# Records supplied

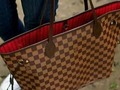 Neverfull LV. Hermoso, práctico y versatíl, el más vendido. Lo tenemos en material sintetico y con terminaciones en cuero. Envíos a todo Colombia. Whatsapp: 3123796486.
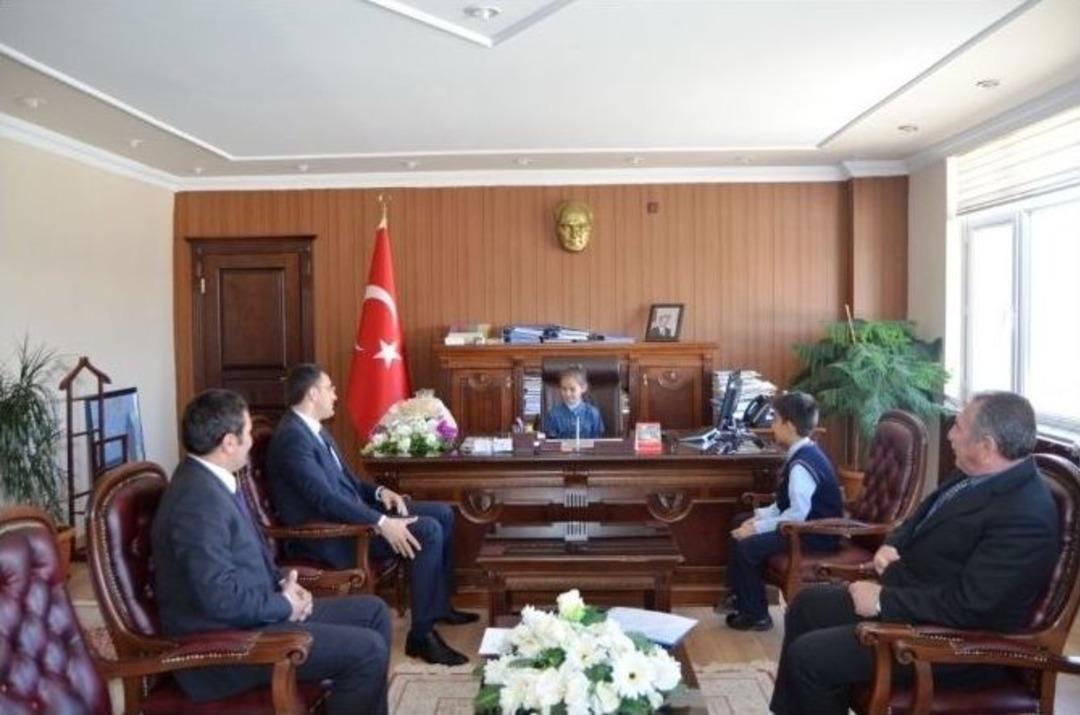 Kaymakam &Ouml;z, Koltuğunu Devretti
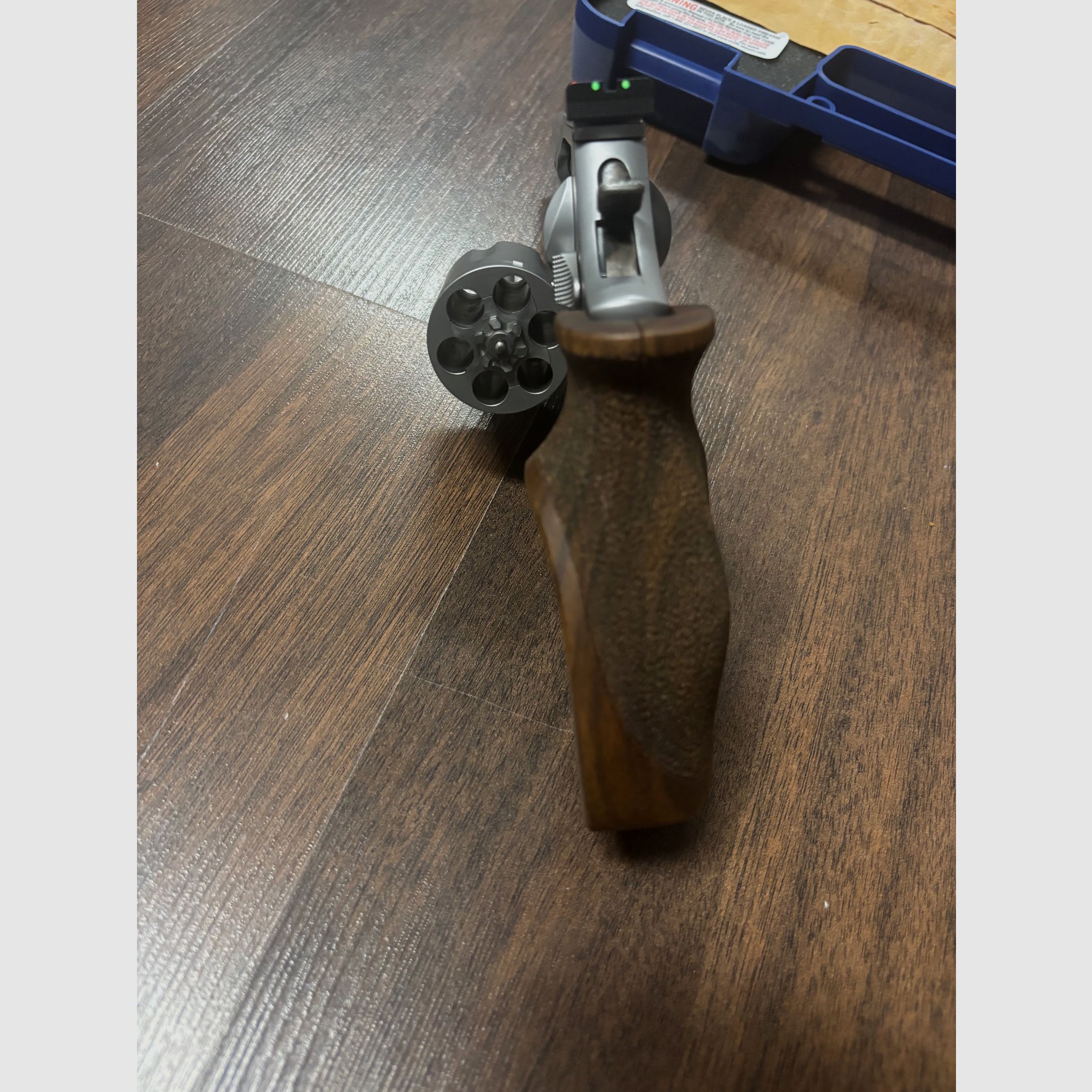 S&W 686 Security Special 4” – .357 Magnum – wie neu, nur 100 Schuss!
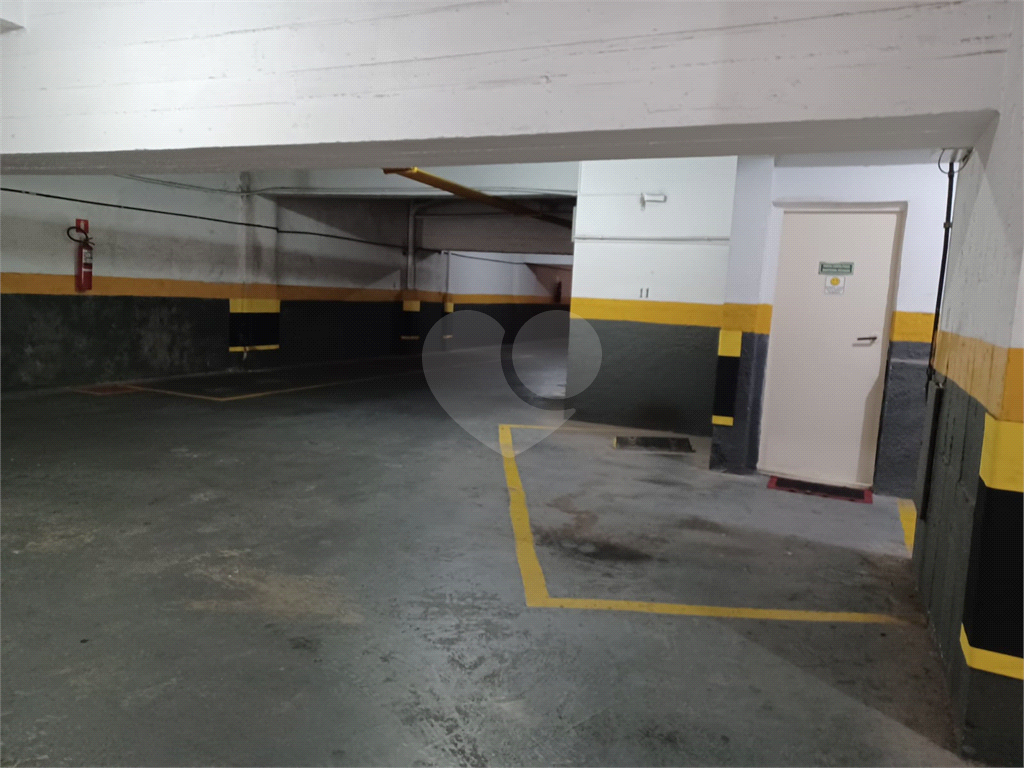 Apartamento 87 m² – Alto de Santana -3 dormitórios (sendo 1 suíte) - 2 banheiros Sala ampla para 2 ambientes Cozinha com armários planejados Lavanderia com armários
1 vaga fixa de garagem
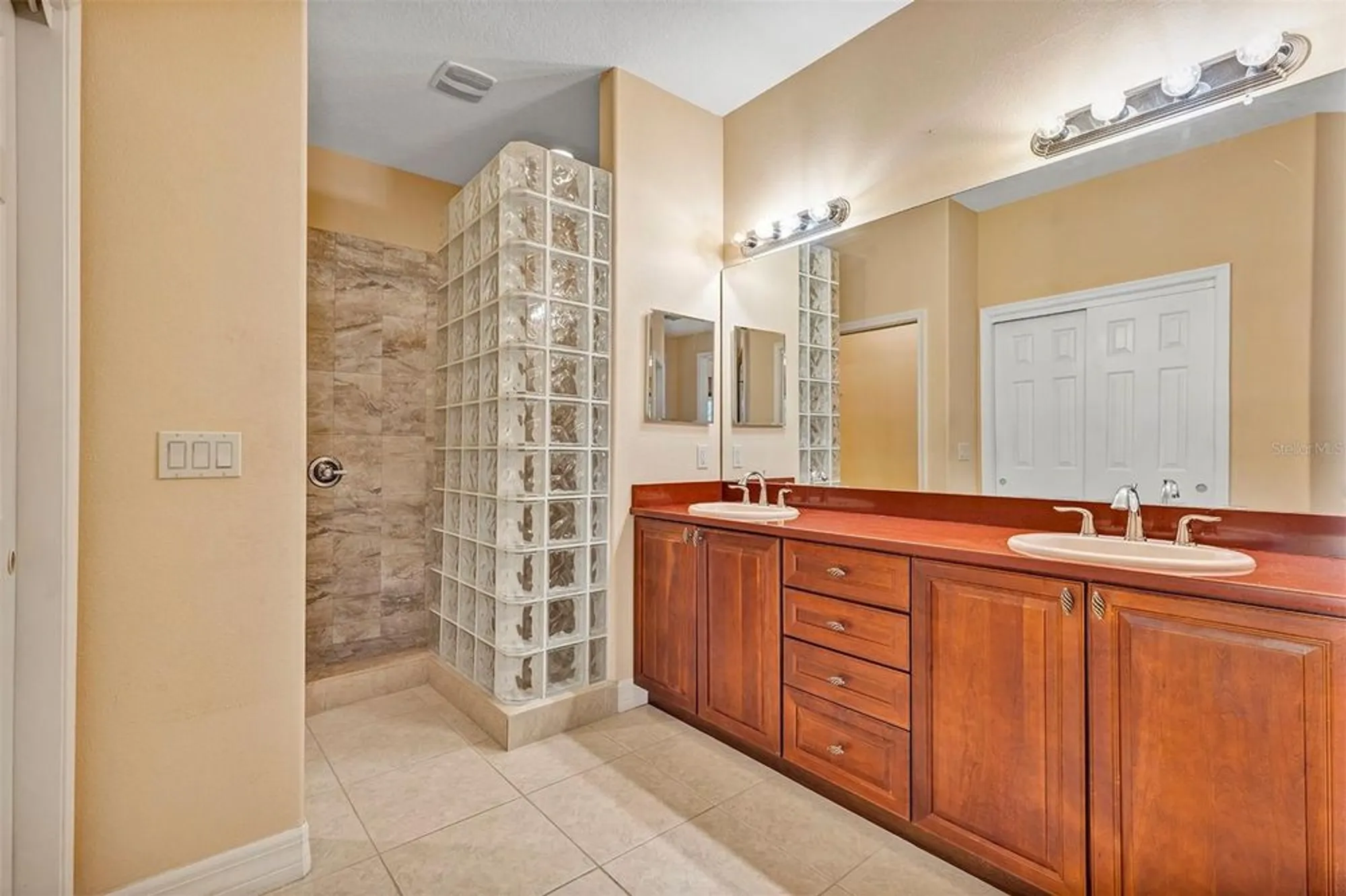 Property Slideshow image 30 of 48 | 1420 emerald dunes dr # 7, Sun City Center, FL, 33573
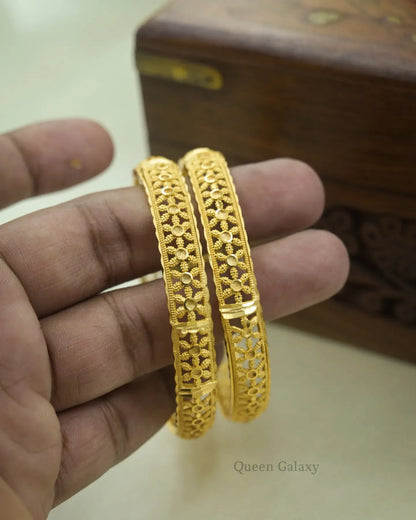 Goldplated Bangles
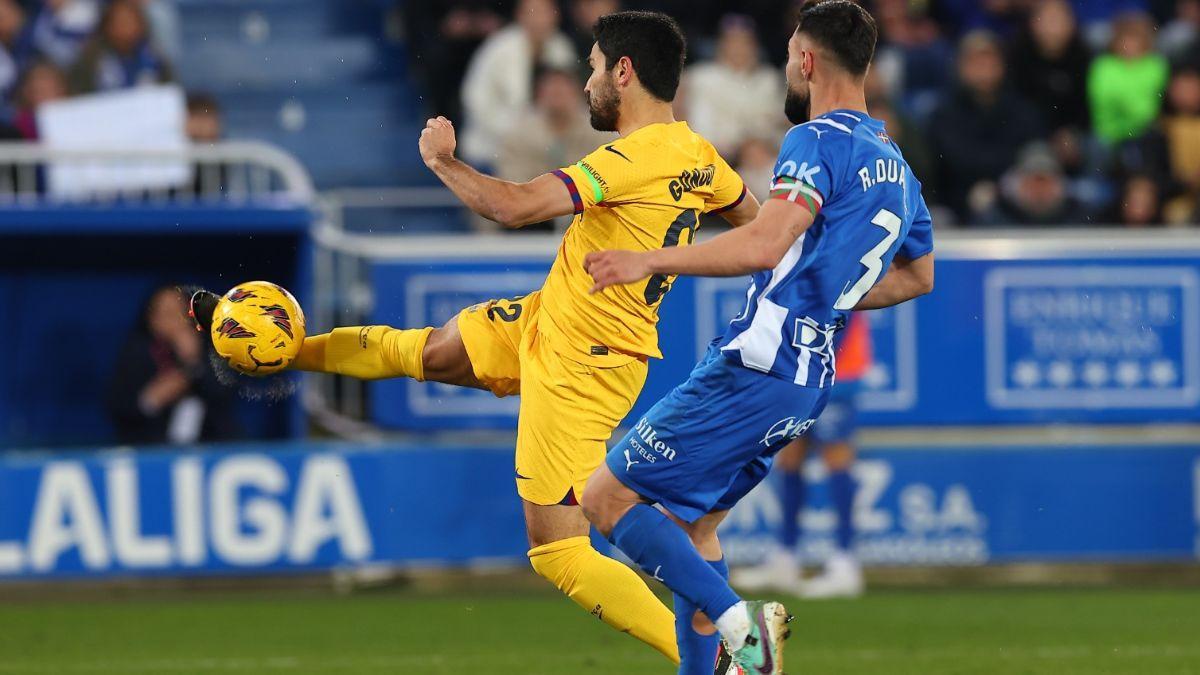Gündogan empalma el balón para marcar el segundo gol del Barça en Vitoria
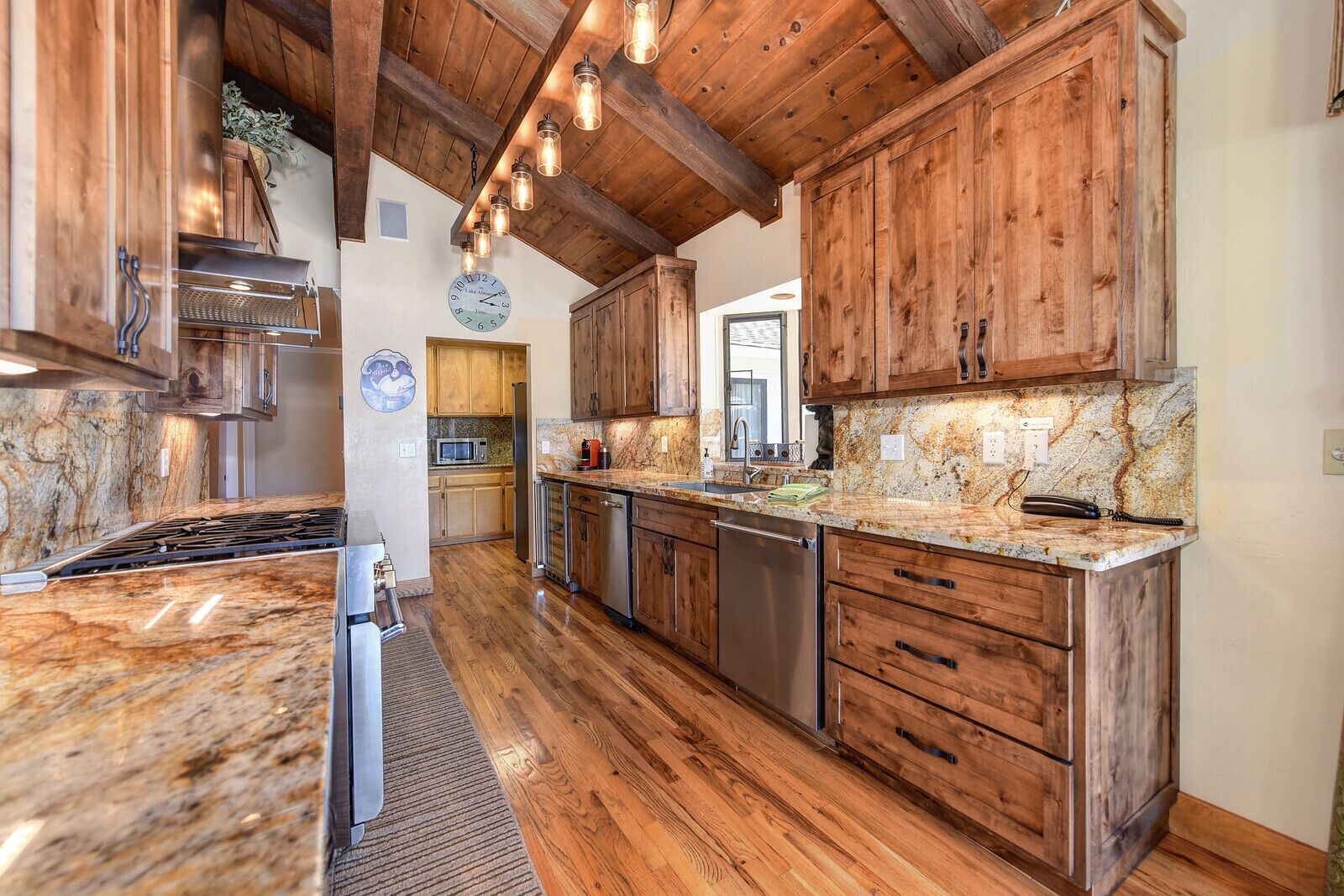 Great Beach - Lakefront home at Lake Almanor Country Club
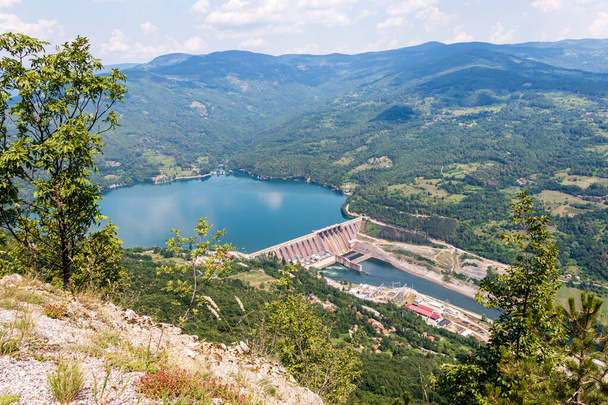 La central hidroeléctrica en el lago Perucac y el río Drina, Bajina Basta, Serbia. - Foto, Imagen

# Activity
The records above must be output exactly, except for their pictures.

# Solution to this task
 Neverfull LV. Hermoso, práctico y versatíl, el más vendido. Lo tenemos en material sintetico y con terminaciones en cuero. Envíos a todo Colombia. Whatsapp: 3123796486.
 Kaymakam &Ouml;z, Koltuğunu Devretti
 S&W 686 Security Special 4” – .357 Magnum – wie neu, nur 100 Schuss!
 Apartamento 87 m² – Alto de Santana -3 dormitórios (sendo 1 suíte) - 2 banheiros Sala ampla para 2 ambientes Cozinha com armários planejados Lavanderia com armários
1 vaga fixa de garagem
 Property Slideshow image 30 of 48 | 1420 emerald dunes dr # 7, Sun City Center, FL, 33573
 Goldplated Bangles
Gündogan empalma el balón para marcar el segundo gol del Barça en Vitoria
 Great Beach - Lakefront home at Lake Almanor Country Club
 La central hidroeléctrica en el lago Perucac y el río Drina, Bajina Basta, Serbia. - Foto, Imagen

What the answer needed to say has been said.